De Oeso-cijfers 1997/98 over de onderwijsuitgaven in Europa en Amerika gaven de claimers nog een extra steuntje in de rug: het aandeel van het onderwijs daalde van 5,4 naar 5,1 procent van het Nederlandse bruto binnenlands product, terwijl het gemiddelde in alle landen steeg van zes naar 6,5 procent. Vooral in de Verenigde Staten zijn de investeringen in het onderwijs spectaculair: daar gaat 7,1 procent van het bbp naar scholen en universiteiten. En dat, terwijl het bbp er de laatste jaren sneller groeit dan in Europa.
Opwinding en hoop
De dans om de miljardenmeevallers zorgde voor opwinding en hoop, maar achteraf gezien deed de regering nooit echt van harte mee. Traditiegetrouw liet de VVD weten voorrang te blijven geven aan vermindering van de staatsschuld van 440 miljard gulden, iets meer dan de helft van het jaarlijkse binnenlands product. Per jaar moet over deze schuld meer dan dertig miljard rente betaald worden. Zondegeld, vinden de liberalen, in tegenstelling tot veel economen, die veronderstellen dat de schade van achterblijvende overheidsinvesteringen wel eens groter kan zijn dan de rentelast. Maar de VVD-invloed is groot. Premier Kok zei begin maart zuinigjes dat het kabinet eerder dacht aan het naar voren halen van al voorziene uitgaven dan aan veel nieuwe initiatieven. Ad Melkert zwakte een week later in Het Onderwijsblad de verwachtingen af, hij toonde zich sceptisch over de kansen op extra geld. Een veeg teken was ook het verloop van de onderhandelingen over de onderwijs-cao, met het gebruikelijke gemillimeter over tienden van procenten. Terwijl sommige kranten schreven dat de regering nauwelijks meer een goede bestemming kon vinden voor de onverwachte miljarden, werd een staking over de arbeidsvoorwaarden van het onderwijspersoneel maar ternauwernood voorkomen.

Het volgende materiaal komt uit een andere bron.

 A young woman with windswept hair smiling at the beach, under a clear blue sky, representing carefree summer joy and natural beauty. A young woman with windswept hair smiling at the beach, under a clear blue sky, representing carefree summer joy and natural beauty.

Begin mei maakte het kabinet in de voorjaarsnota een eind aan de onzekerheid. In de nota wordt nog uitgegaan van elf miljard meevallers, hiervan is 5,6 miljard bestemd voor extra uitgaven in de collectieve sector. De onderwijsbegroting-2000 werd tussentijds met 1,3 miljard gulden opgehoogd. Dat cijfer is echter erg geflatteerd. Een groot deel van het bedrag levert het onderwijs geen nieuws op, hooguit komen middelen vervroegd beschikbaar:
*259 miljoen gulden betreft guldens die in 1999 al in de begroting zaten voor onder andere het Kennisnet en inburgeringscursussen. Ze werden niet tijdig uitgegeven en daarom overgeheveld naar het boekjaar 2000. In dit bedrag zit ook honderd miljoen voor de verbouwing van het Rijksmuseum, wenselijk, maar toch nauwelijks op te vatten als een uitgave voor het onderwijs.
*100 miljoen gulden moet extra worden begroot wegens hoger uitvallende leerling- en studentenaantallen.
*100 miljoen gulden betreft het naar voren halen van geld voor computers en software, dat volgens het regeerakkoord uit 1998 pas later beschikbaar zou komen. Per leerling dit schooljaar honderd gulden.
*60 miljoen gulden betreft monumentenzorg, academische ziekenhuizen en uitgaven voor cultuur.
*50 miljoen betreft het naar voren halen van een zorgbudget voor het vmbo, het terugdringen van wachtlijsten in het speciaal onderwijs en de invoering van het Œrugzakje¹ (leerlinggebonden financiering in het speciaal onderwijs).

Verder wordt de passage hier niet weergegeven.